Some folks are going to look at the evidence and see "65 million" year old skin, blood vessels and hemoglobin parts....because it fits into their belief system.
...and some folks are going to read an old passage in a fictional book written 2000 years ago and see "dinosaurs" between the lines, because it fits into their belief system.
You know what doesn't change? Math. 1 + 1 = 2. Do you know how radiometric dating works? Do you really know, or have you dismissed it as flawed becasue it doesn't fit into your belief system? Do you know the methods, what the researchers look for, and how radioactive decay works? If you've dismissed it, please tell how you came to that conclusion and what particular part of the method you find flawed.
If you do.. then you know it's a matter of math. There are outside influences to consider, sure - but they can be considered, and won't change the results by several orders of magnitude. Do you think an old man-made book about talking snakes and magic fruit disproves the half-life of carbon-14 somehow?
That fossil you presented is 80 million years old. Fossils are interesting because they do defy the natural tendency for things to decay - just like preserving food can make things last much longer.
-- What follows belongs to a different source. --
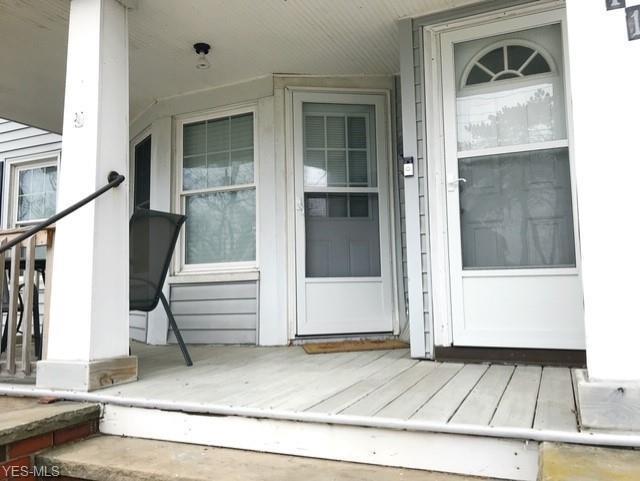 Building Photo - 1471 Riverside Dr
Most dinosaur bones rotted millions of years ago as you'd expect they would. Some were preserved by chance. This isn't a complex concept to grasp (for most people, anyway).
If you want to be deluded fine. But that doesn't mean every viewpoint involves faith or delusion. Science is about finding facts and supporting evidence - not things to beleive in. We say that fossil is 80 million years old be cause the facts support it. It's position in the rock and the amount of carbon decay provide strong, calculated evidence. Another lab across the world can perform the same carbon tests and come out with the same general timeframe without collaberation.
On the other hand, give the bible to two different people, and they'll come up with two very different interpretations.